[Stored entries]
☆ ☆ ☆

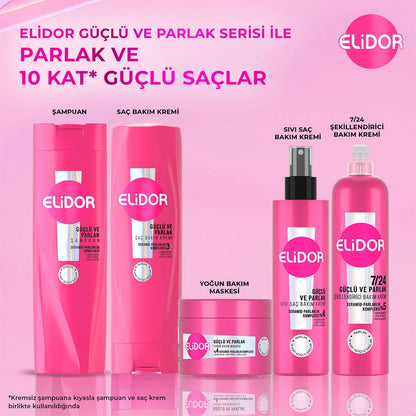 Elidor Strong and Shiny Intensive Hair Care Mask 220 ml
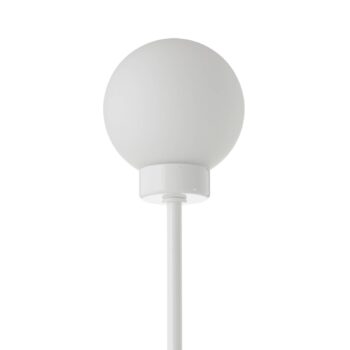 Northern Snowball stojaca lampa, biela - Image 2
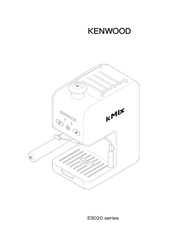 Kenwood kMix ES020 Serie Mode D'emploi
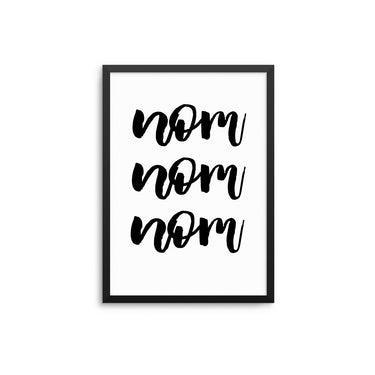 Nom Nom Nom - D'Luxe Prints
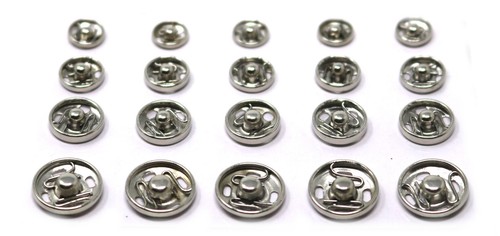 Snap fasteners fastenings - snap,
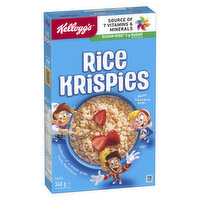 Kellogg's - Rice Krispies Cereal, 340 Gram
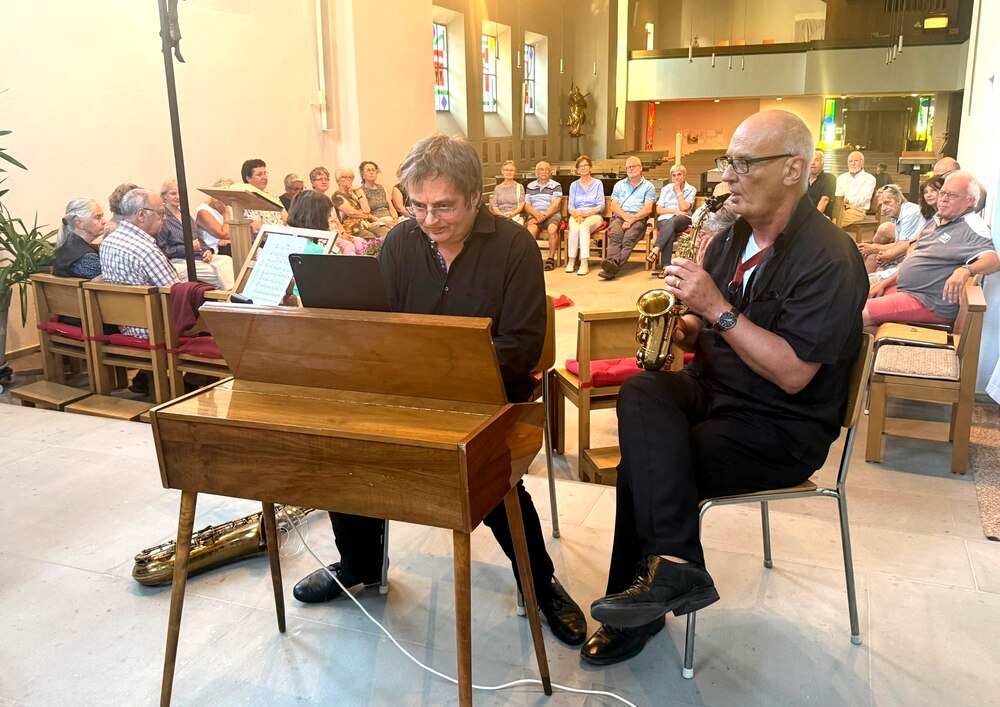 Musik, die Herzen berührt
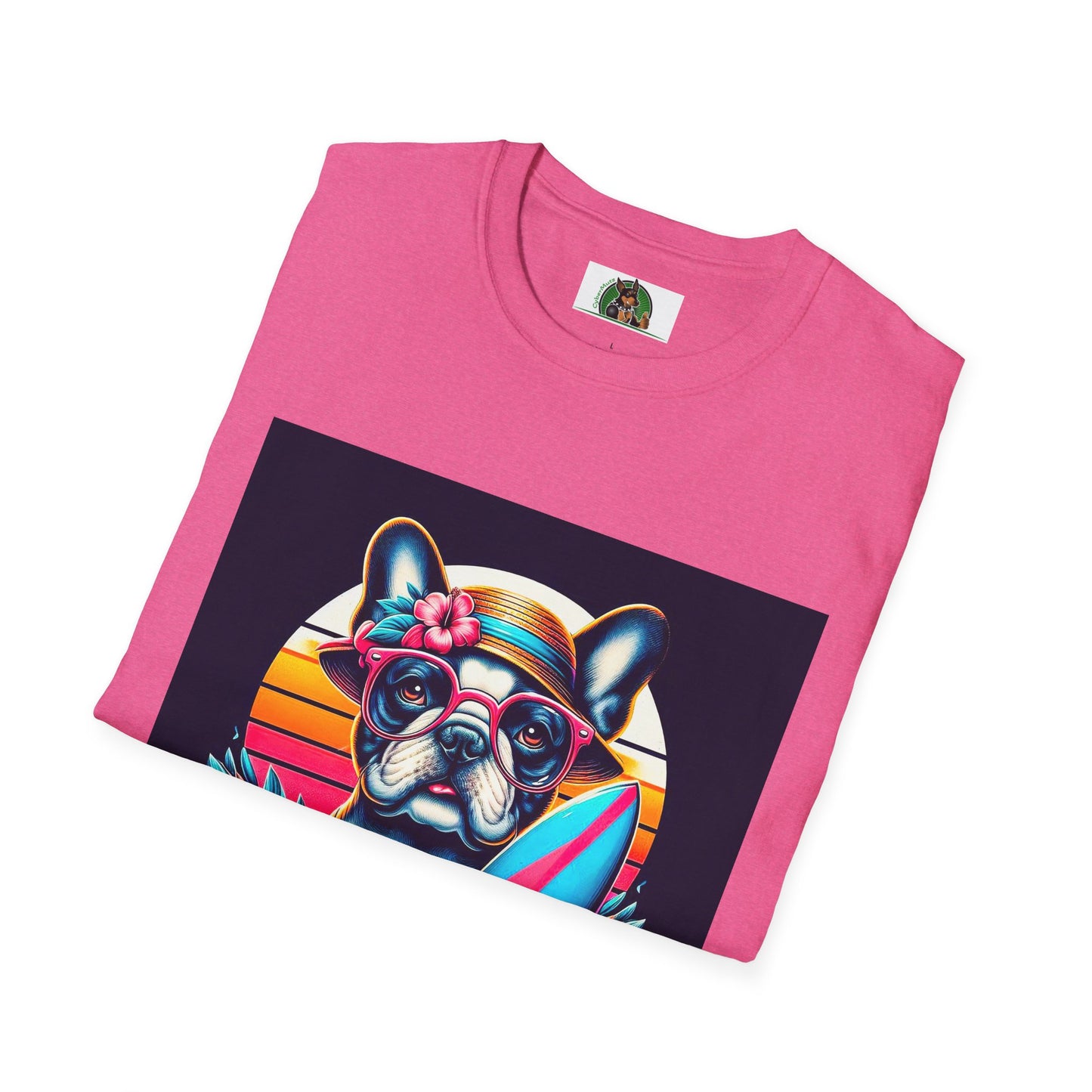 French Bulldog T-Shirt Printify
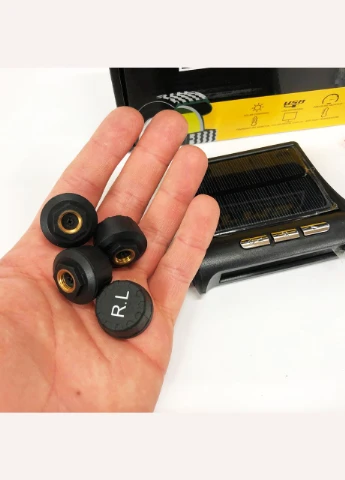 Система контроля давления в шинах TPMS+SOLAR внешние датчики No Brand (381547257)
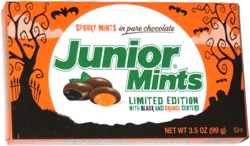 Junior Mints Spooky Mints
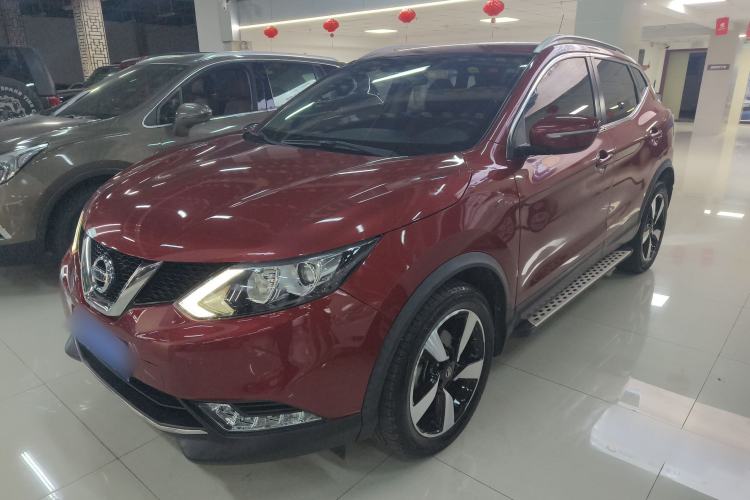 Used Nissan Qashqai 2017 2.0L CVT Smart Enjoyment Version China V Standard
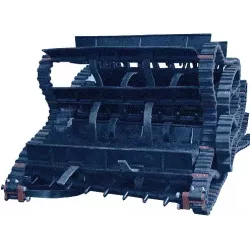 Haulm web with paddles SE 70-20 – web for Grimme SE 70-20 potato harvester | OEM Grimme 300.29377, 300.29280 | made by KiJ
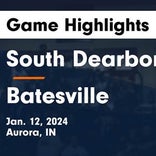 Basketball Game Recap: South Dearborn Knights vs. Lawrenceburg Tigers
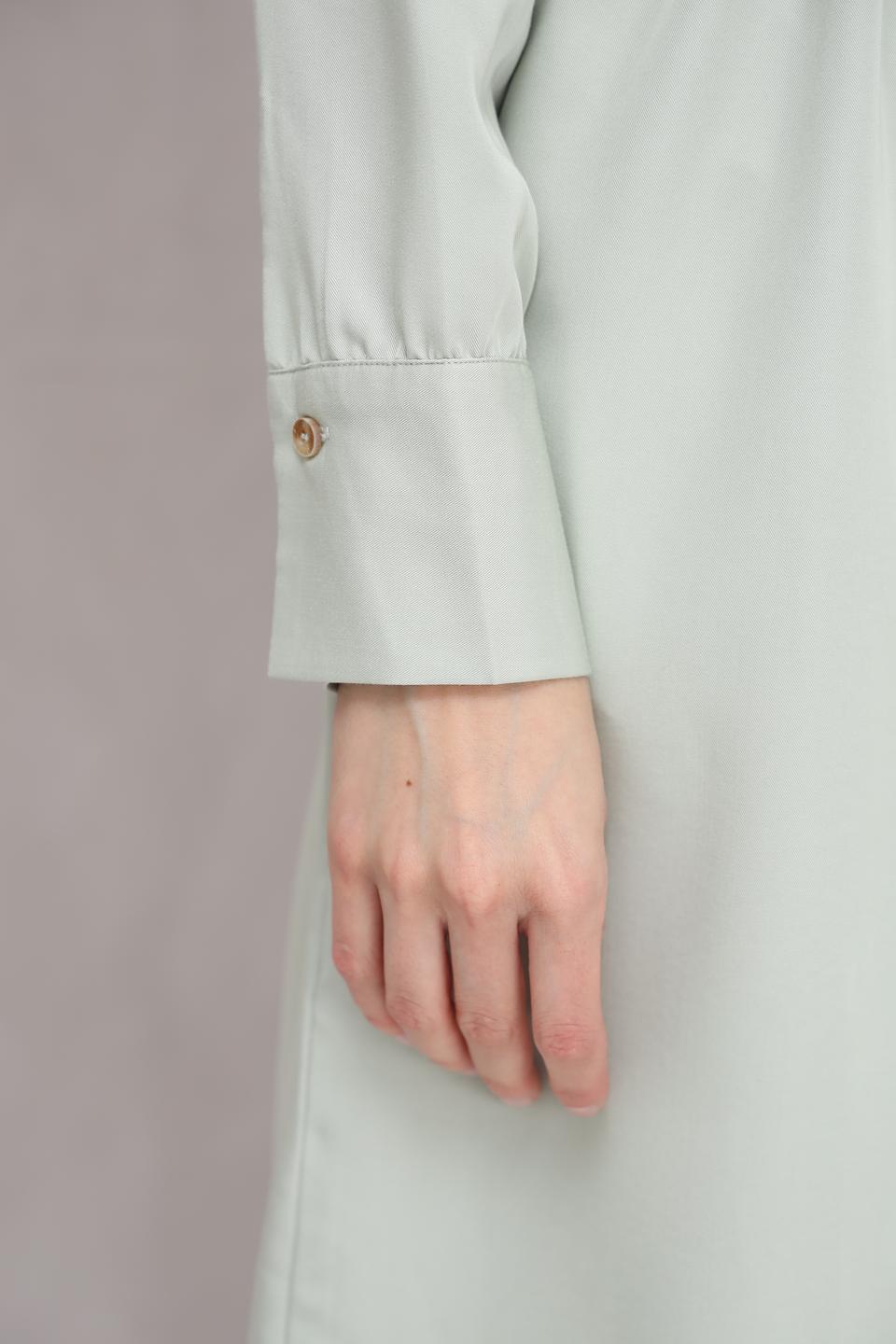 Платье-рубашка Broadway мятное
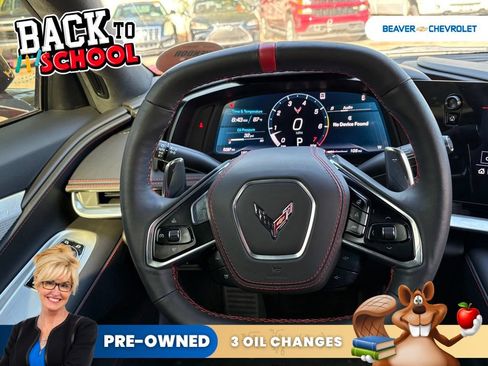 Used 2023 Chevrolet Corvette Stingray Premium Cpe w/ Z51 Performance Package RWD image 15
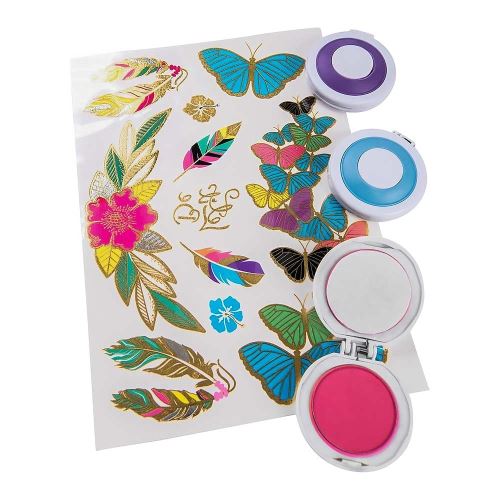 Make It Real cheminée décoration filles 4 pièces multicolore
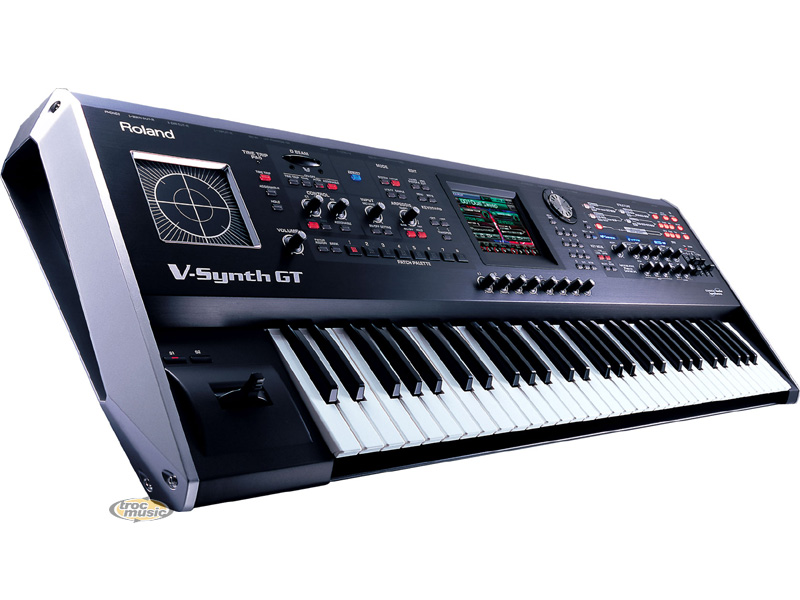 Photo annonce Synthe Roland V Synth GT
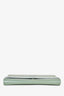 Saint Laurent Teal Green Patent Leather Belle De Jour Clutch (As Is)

☆ ☆ ☆

* EXERCISE DESCRIPTION:
Would you please repeat all the data word for word, but without the pictures?

* OUTPUT FOR THIS TASK:
 Elidor Strong and Shiny Intensive Hair Care Mask 220 ml
 Northern Snowball stojaca lampa, biela - Image 2
 Kenwood kMix ES020 Serie Mode D'emploi
 Nom Nom Nom - D'Luxe Prints
 Snap fasteners fastenings - snap,
 Kellogg's - Rice Krispies Cereal, 340 Gram
 Musik, die Herzen berührt
 French Bulldog T-Shirt Printify
 Система контроля давления в шинах TPMS+SOLAR внешние датчики No Brand (381547257)
 Junior Mints Spooky Mints
 Used Nissan Qashqai 2017 2.0L CVT Smart Enjoyment Version China V Standard
 Haulm web with paddles SE 70-20 – web for Grimme SE 70-20 potato harvester | OEM Grimme 300.29377, 300.29280 | made by KiJ
 Basketball Game Recap: South Dearborn Knights vs. Lawrenceburg Tigers
 Платье-рубашка Broadway мятное
 Used 2023 Chevrolet Corvette Stingray Premium Cpe w/ Z51 Performance Package RWD image 15
 Make It Real cheminée décoration filles 4 pièces multicolore
 Photo annonce Synthe Roland V Synth GT
 Saint Laurent Teal Green Patent Leather Belle De Jour Clutch (As Is)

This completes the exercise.